* [REQUIREMENT]:
Please restate exactly the lines from the one holding "Réfrigérateur combiné Beko" to the end of the material, including both ends and excluding every picture.

* [INFORMATION GIVEN]:
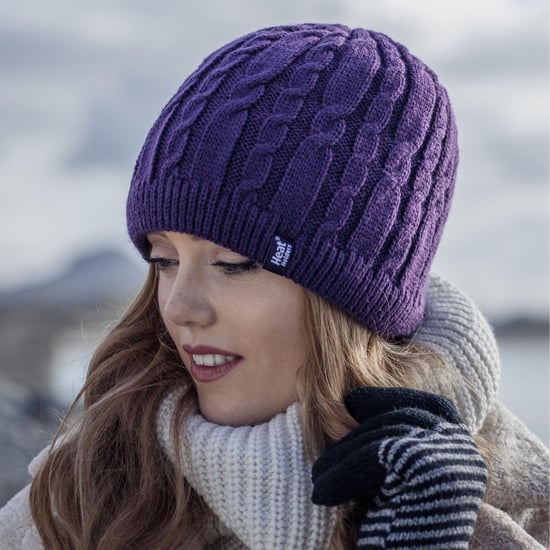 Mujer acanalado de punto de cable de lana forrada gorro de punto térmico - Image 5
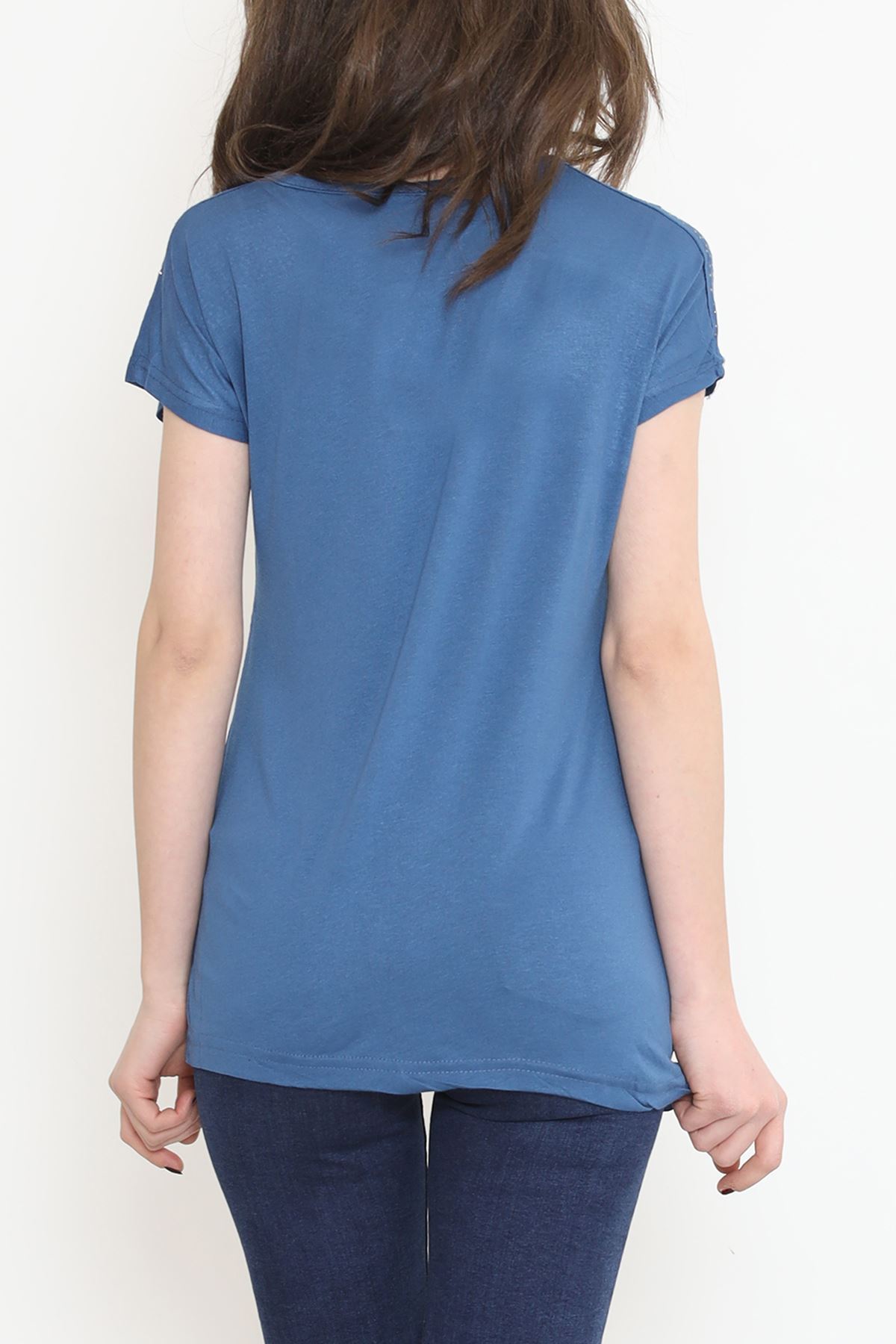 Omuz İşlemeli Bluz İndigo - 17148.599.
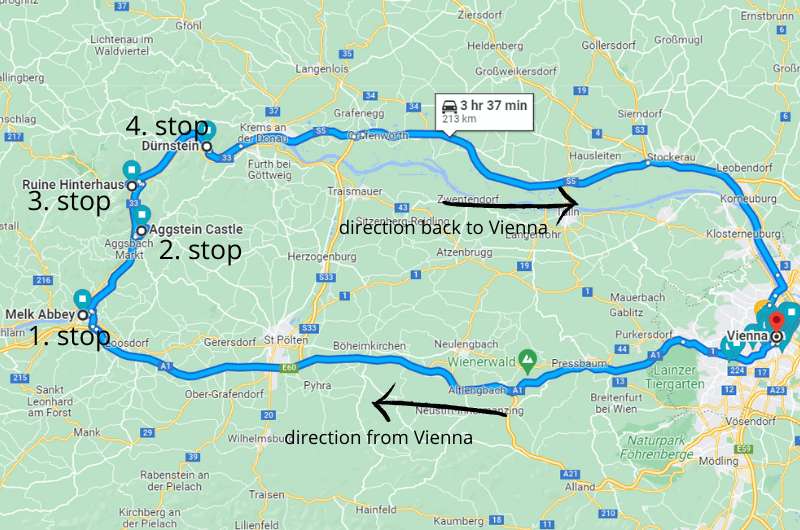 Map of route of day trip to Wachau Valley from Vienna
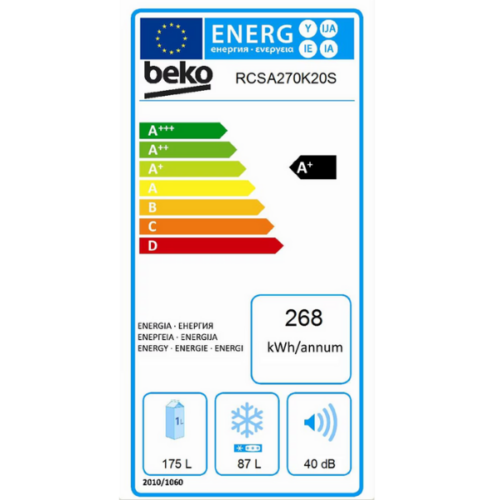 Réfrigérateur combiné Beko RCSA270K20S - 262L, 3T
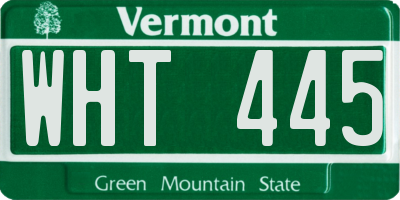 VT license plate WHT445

* [COMPLETED EXERCISE]:
 Réfrigérateur combiné Beko RCSA270K20S - 262L, 3T
 VT license plate WHT445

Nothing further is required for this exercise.